Edge databases are converging toward a unified model: serverless scaling, edge replication, HTTP-based protocols, and compatibility with all major edge runtimes. Turso is expanding its SQL feature set. Neon is adding more edge locations. PlanetScale is improving its edge driver.

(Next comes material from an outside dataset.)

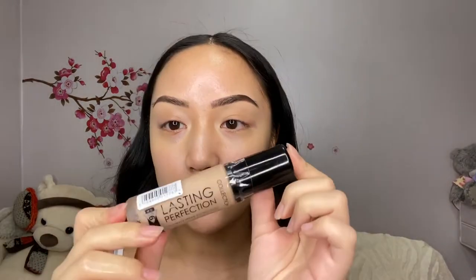I usually wear my headband but I don't even know why I'm not wearing it right now. Oh well. I'm going to use the Lasting Perfection foundation — I have been literally using this in basically all of my tutorials. I usually wear different foundations but ever since I started wearing this, it is so good. Just putting some on my hand right here.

The next frontier is edge-native features: vector search for AI applications, full-text search for content platforms, and real-time subscriptions for collaborative applications. These features are already available in traditional databases but are being adapted for the edge's unique constraints.

Conclusion

Edge databases are the missing piece in the edge computing puzzle. Without edge data, edge functions are limited to caching and routing. With Turso, Neon, or PlanetScale, edge functions can query data with single-digit millisecond latency from anywhere in the world.

Key takeaways:

  1. Turso is ideal for simple schemas and SQLite-compatible workloads with global reads
  2. Neon excels for complex PostgreSQL schemas with branching workflows
  3. PlanetScale is best for high-write workloads needing horizontal sharding
  4. All three offer HTTP-based edge drivers compatible with edge runtimes
  5. Implement multi-layer caching: edge KV → edge database → origin
  6. Monitor replication lag and implement retry logic for edge database access

Choose based on your team's existing expertise (SQLite → Turso, PostgreSQL → Neon, MySQL → PlanetScale), your data model complexity, and your scaling requirements. The edge database landscape is evolving rapidly, and all three are production-ready for the right use case.